The UK has offered to make a direct bilateral loan to the Irish Republic in addition to contributing to EU and IMF loans, the BBC has learned.
Sources in the government sources say it wants “to help a friend in need”.
Although final figures will not be known for some days, BBC political editor Nick Robinson believes the UK will contribute around £7bn in total.
The Irish prime minister has confirmed that the Republic of Ireland and the EU have agreed a financial rescue package.
The cost of the direct British loan to Ireland is expected to be “in the low billions” and will be in the form of contingency loans which the government expects to see paid back.
Chancellor George Osborne is expected to make a statement in the Commons on Monday.
Sweden has also agreed to make a direct loan to the Irish.
On Tuesday, Mr Osborne said the UK was “ready to support Ireland” in achieving economic stability, if it asked for help.
He said it was in the UK’s national interest that its neighbour had a successful economy.
“Britain stands ready to support Ireland on the steps it needs to take to bring about that stability,” he said following a meeting of European finance ministers.

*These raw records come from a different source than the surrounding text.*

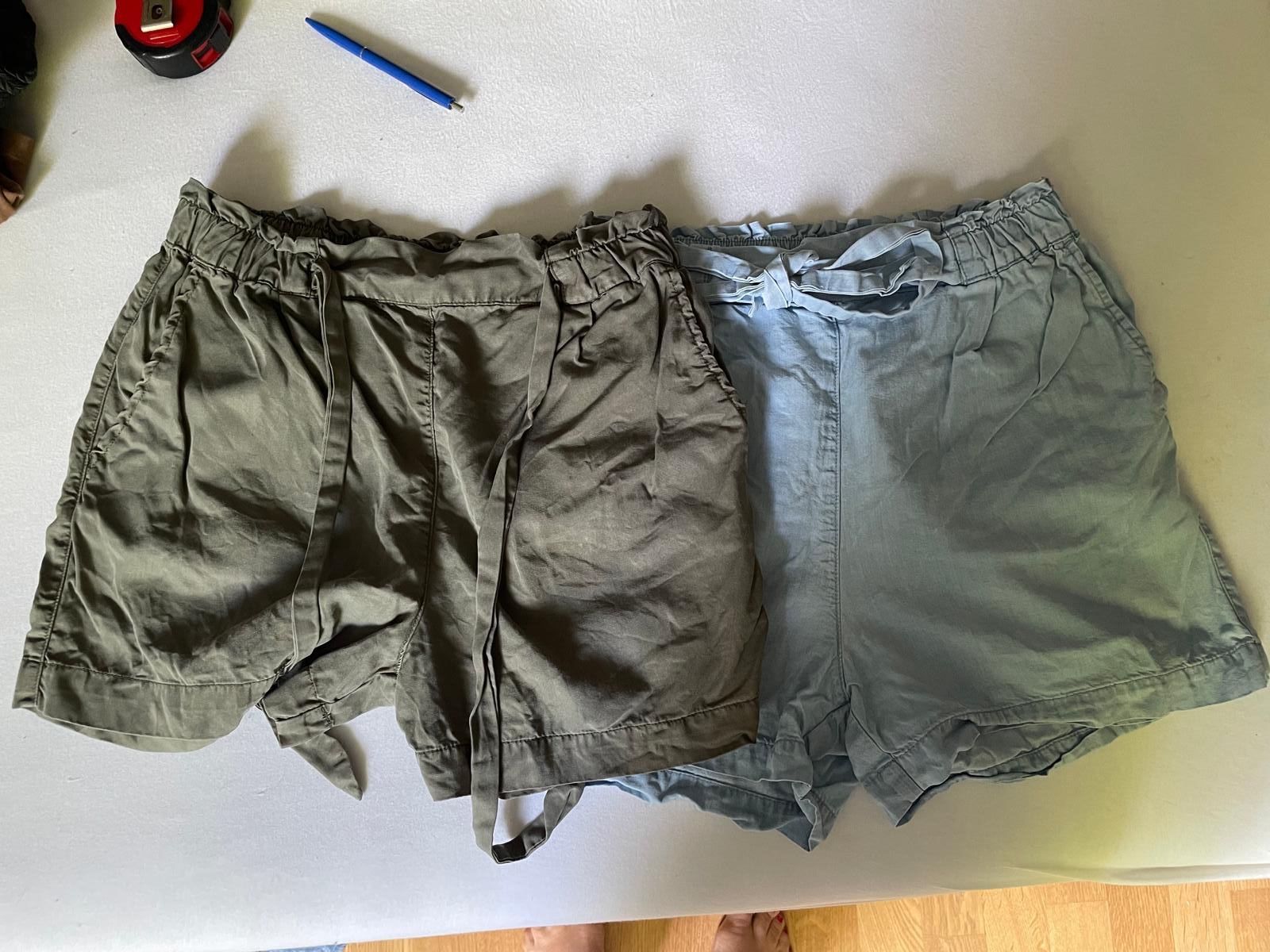 H&M Pantaloni: Duo-Pack für Sommerbeine!! – Usato da Zürich venduto da bia_8hxd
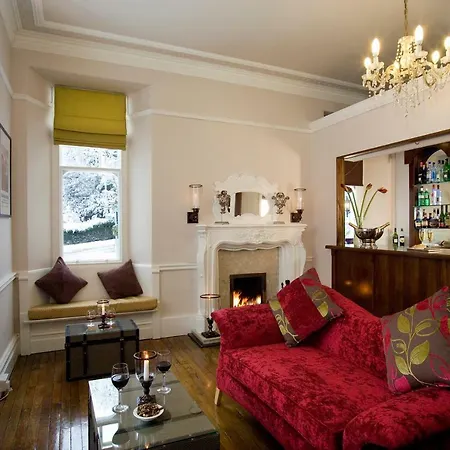 Windermere Boutique Hotel Spa Suites & Hot Tubs-3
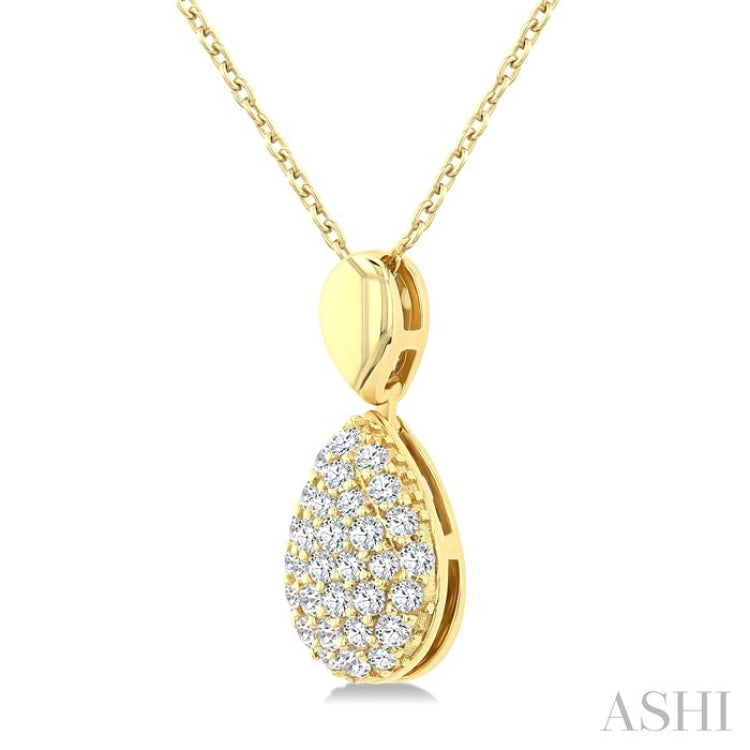 1/4 Ctw Pear Shape Pave Set Round Cut Diamond Fashion Pendant With Chain in 10K Yellow Gold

Former Conservative minister and Eurosceptic MP John Redwood expressed his concern over the move.
“When we hear about it in the House, I’m sure many of us will want to know why, how much, how long are we out of the money, what are the prospects of being repaid, what is the interest rate,” he said.
“Of course this will be money we have to borrow ourselves, because we don’t have any money. All the money we’re spending on top of traditional programmes is borrowed.”
Our political editor said Mr Osborne and Prime Minister David Cameron had taken a decision at last week’s G20 summit in Seoul that the UK would be ready to promise £7bn in loans as part of any Irish rescue plan.
Taoiseach Brian Cowen said the amount and terms of the deal would be negotiated in the coming days with the EU and the IMF.
Irish Finance Minister Brian Lenihan said the amount would be less than 100bn euros (£85bn).
EU Finance Commissioner Olli Rehn, speaking in Brussels, said the loans would be provided to the Irish Republic over a three-year period.
The global financial crisis has dealt the Irish Republic a hard blow.
Once known as the Celtic Tiger for its strong economic growth – helped by low corporate tax rates – a property bubble burst, leaving the country’s banks with huge liabilities and pushing up the cost of borrowing for them and the government.